Liputan6.com, Jakarta - Ketua Umum Himpunan Pengusaha Muda Indonesia (HIPMI) Mardani Maming sudah menerima surat perintah dimulainya penyidikan (SPDP) terkait kasus dugaan suap izin pertambangan dari Komisi Pemberantasan Korupsi (KPK). Dengan menerima SPDP ini, Mardani Maming resmi ditetapkan menjadi tersangka.
Lantas, apakah statusnya sebagai Ketum HIPMI juga ikut berubah?
Advertisement
Saat ditanyai hal tersebut, Ketua Umum Bidang Keuangan dan Perbankan, Badan Pengurus Pusat HIPMI Anggawira belum mau banyak bicara. Dia mengatakan, pihaknya belum mengambil sikap atas adanya penetapan hukum itu.
"Saya no comment, belum ada keputusan organisasi," ujar Anggawira kepada Liputan6.com, Jumat (24/6/2022).
Adapun status baru Mardani Maming sebagai tersangka turut dikonfirmasi sang kuasa hukum, Ahmad Irawan. Ahmad menyebut, kliennya menerima surat penetapan tersangka pada Rabu, 22 Juni 2022 kemarin.
"Sudah. Terima hari Rabu, 22 Juni 2022 kemarin," ujar Ahmad saat dikonfirmasi.
Ahmad mengaku pihaknya belum memutuskan apakah akan melawan KPK melalui praperadilan atau tidak. Pasalnya, Mardani sempat menyatakan ada kriminalisasi dalam proses hukum terhadapnya.
"Kita pelajari dulu. Hak hukum yang diberikan dan ruang hukum yang tersedia kita akan manfaatkan untuk mendapatkan keadilan," kata Ahmad.
Mardani Maming adalah politikus Partai Demokrasi Indonesia Perjuangan (PDI-P) yang menjabat Ketua Umum HIPMI periode 2019–2022. Selain itu ia juga menjabat sebagai Bendahara Umum Pengurus Besar Nahdlatul Ulama (PBNU) periode 2022–2027.
Sebelumnya, ia pernah menduduki posisi Bupati Tanah Bumbu periode 2010–2015 dan 2016–2018.
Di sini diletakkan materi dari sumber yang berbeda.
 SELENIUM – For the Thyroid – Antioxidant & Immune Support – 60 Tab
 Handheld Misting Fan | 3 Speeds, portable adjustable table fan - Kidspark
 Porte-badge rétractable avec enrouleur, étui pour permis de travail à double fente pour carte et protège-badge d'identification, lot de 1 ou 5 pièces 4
* Fakta atau Hoaks? Untuk mengetahui kebenaran informasi yang beredar, silakan WhatsApp ke nomor Cek Fakta Liputan6.com 0811 9787 670 hanya dengan ketik kata kunci yang diinginkan.
KPK Pastikan Kantongi Bukti Dugaan Suap Ketum HIPMI Mardani Maming
Komisi Pemberantasan Korupsi (KPK) memastikan telah memiliki bukti kuat dalam kasus dugaan tindak pidana suap yang menyeret nama Ketua Umum Himpunan Pengusaha Muda Indonesia (HIPMI) Mardani H Maming.
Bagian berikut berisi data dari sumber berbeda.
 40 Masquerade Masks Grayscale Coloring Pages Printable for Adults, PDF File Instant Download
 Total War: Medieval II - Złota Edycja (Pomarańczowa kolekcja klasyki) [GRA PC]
Maming diduga terlibat tindak pidana suap izin pertambangan saat menjadi Bupati Tanah Bumbu, Kalimantan Selatan.
"Dalam setiap penanganan perkara, KPK tentu bekerja berdasarkan kecukupan alat bukti sebagaimana koridor hukum, prosedur, dan perundang-undangan yang berlaku," ujar Plt Juru Bicara KPK Ali Fikri dalam keterangannya, Selasa (21/6/2022).
Ali mengatakan, bukti yang dimiliki KPK sudah cukup saat menaikkan status penanganan dari penyelidikan ke penyidikan. Ali menyebut, kasus tersebut saat ini sudah di tahap penyidikan.
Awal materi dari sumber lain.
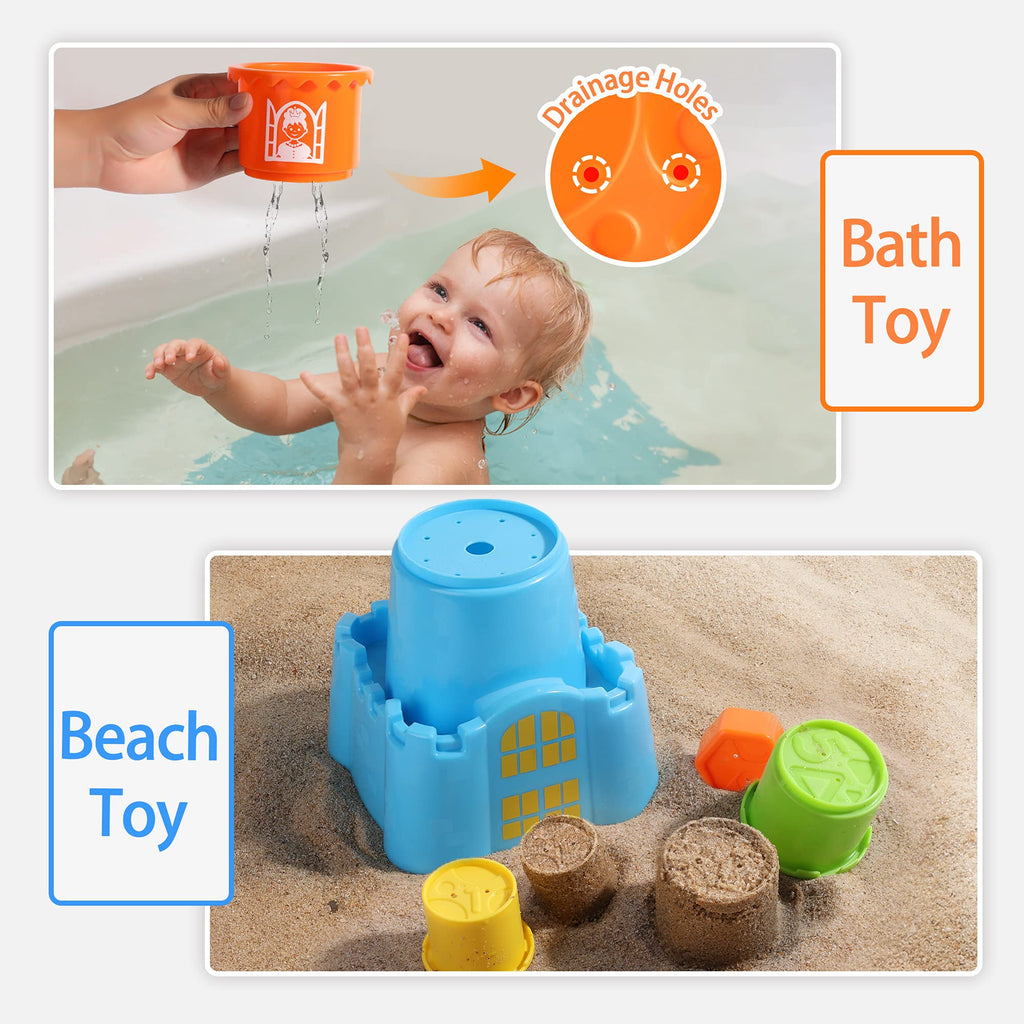 18-Piece Castle Stacking Cups & Shape Sorting Toy, Ages 12 Months–6 Years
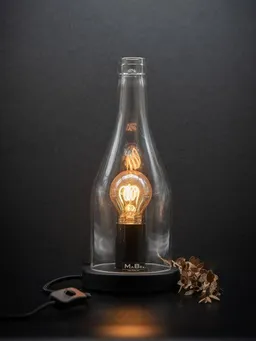 MaBe MaBe Lampe & WINDLICHT Klassik schlicht und wunderschön - Upcycling aus der 3l Flasche (30cm hoch) – Produktbild 1 von 1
"Alat bukti berdasarkan KUHAP bisa berupa keterangan dari saksi, ahli, ataupun terdakwa, serta surat maupun petunjuk lainnya," kata Ali.
Ali mengatakan, tim penyidik KPK sudah memiliki minimal dua alat bukti saat mendalami kasus yang menyeret Mardani Maming ini. Bahkan, tim penyidik sudah menetapkan tersangka dalam perkara ini.
Hanya saja lembaga antirasuah belum bersedia membeberkan siapa pihak yang dijerat sebagai tersangka.
"Bagaimana konstruksi lengkap perkaranya dan siapa tersangkanya, sebagaimana kebijakan KPK, akan disampaikan ketika dilakukan upaya paksa penahanan atau pun penangkapan," kata Ali.
"Sekali lagi kami pastikan, KPK memegang prinsip bahwa menegakkan hukum tidak boleh dilakukan dengan cara melanggar hukum itu sendiri," ucap Ali menambahkan.
Advertisement
Analisis Pakar Hukum Soal Kasus Mardani Maming
Guru Besar Ilmu Hukum Universitas Al-Azhar Indonesia, Suparji Ahmad, memberikan pandangannya terkait kasus Penerbitan Surat Keputusan (SK) Bupati Tanah Bambu, Nomor 296 tahun 2011 yang diteken Bendahara Umum PBNU, Mardani Maming.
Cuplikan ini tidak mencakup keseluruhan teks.